Consider a Hilbert space $\mathcal{H}$ and let $A$ be a bounded operator on $\mathcal{H}$, $B$ a possibly unbounded operator with domain $\mathcal{D}(B) \subset \mathcal{H}$ such that the composition $AB$ admits an extension to a bounded operator on $\mathcal{H}$. Furthermore, let $P$ be an orthogonal projection on $\mathcal{H}$. Does it follow that the composition $APB$ is also a bounded operator on $\mathcal{H}$?
The scenario I am considering is something of the following sort. Consider the composition of operators $(-\Delta + 1)^{-1}(-\Delta)$ acting on the Hilbert space $L^2(\mathbb{R}^n)$. Clearly the negative laplacian $-\Delta$ is not defined on all of $L^2(\mathbb{R}^n)$ (say I define it with domain $\mathcal{D}(-\Delta) = H^2(\mathbb{R}^n)$). However, using the Fourier transform, it is fairly easy to show that the composition $(-\Delta + 1)^{-1}(-\Delta)$ is a bounded operator (since $0 \leq \frac{\lvert{k}\rvert^2}{\lvert{k}\rvert^2 + 1} < 1$). Now consider an orthogonal projection $P$. Is it also true that the operator $(-\Delta + 1)^{-1}P(-\Delta)$ is bounded? As soon as I deal with a projection the Fourier Transform fails to be a good tool, so I'm not sure which tool to use to approach the problem.
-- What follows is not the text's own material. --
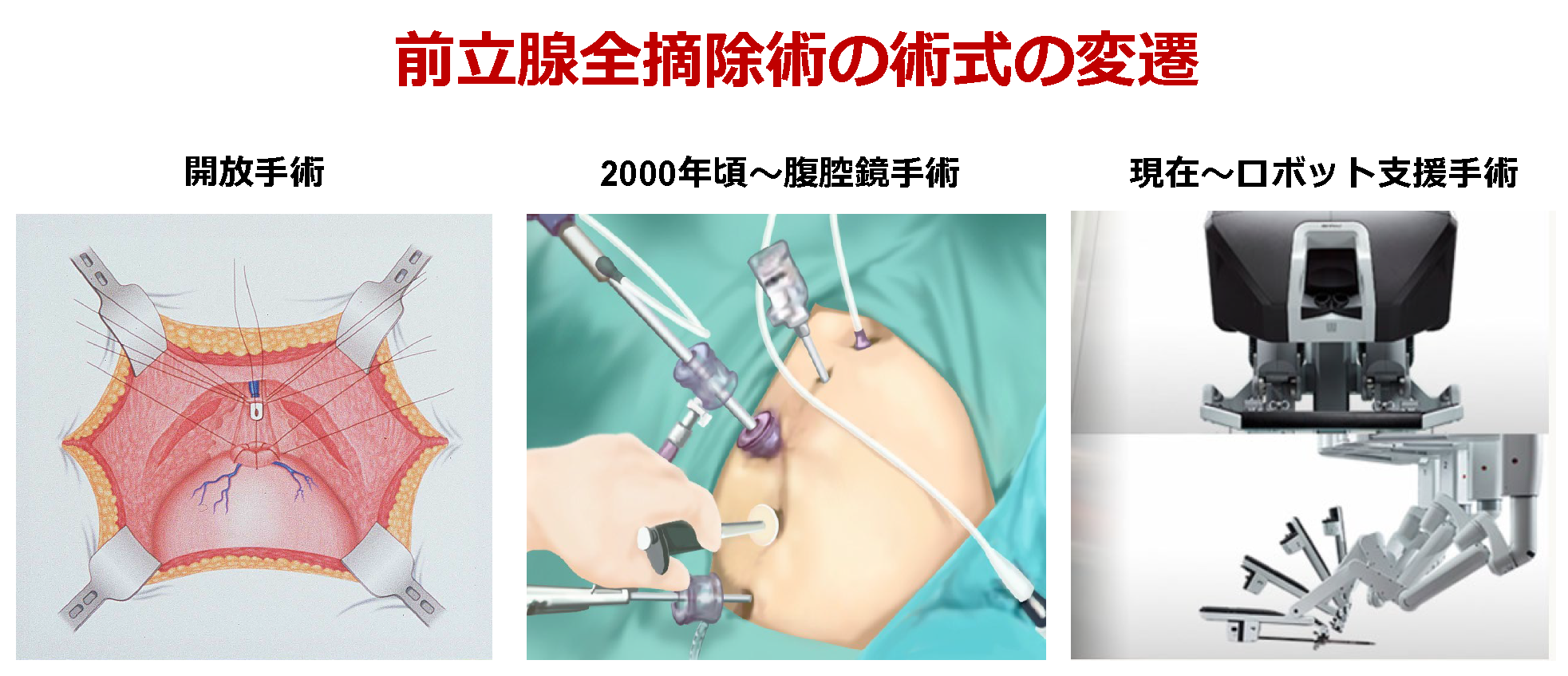 ロボット支援手術（ダビンチ）／藤枝市立総合病院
Intuitively, I believe the general case to be true. Even though $B$ may be unbounded, as the composition $AB$ is bounded it means that $A$ can "deal" with any "roughness" that $B$ finds in the extension of $AB$ to the entire Hilbert space. If I further restrict the output of $B$ by replacing it with $PB$, I restrict the set of possible "bad" outputs that get fed into $A$, so the same should hold. If a counterexample holds, I would love to see it (I have not been able to come up with one myself). I would appreciate any discussion on this topic. Thanks for reading!
No, you need more restriction on $P$.
One way to defeat your intuition is to have nontrivial eigenspaces for large eigenvalues of $B$ and projecting them to some intermediate subspace not "nearly orthogonal" to $\ker A$ (or the small spectrum part of $A^*A$). So $PB$ masks and massages the "bad output" to trick $A$ into picking them up.
As an example, consider $\mathcal{H}=\ell_2$, $B$ the diagonal operator with $Be_{2n-1}=e_{2n-1}$ and $Be_{2n}=ne_{2n}$ for all $n\geq 1$. Let $A$ be the orthogonal projection onto $\ker(B-I)$, so $AB=A$ is clearly bounded. Now if $P$ the orthogonal projection onto $\overline{\operatorname{span}}\{e_1+e_2,e_3+e_4,\dots,e_{2n-1}+e_{2n},\dots\}$, we easily compute $$ APBe_{2n}=AP(ne_{2n})=nA\frac{e_{2n-1}+e_{2n}}2=\frac{n}2e_{2n-1} $$ showing $APB$ is unbounded.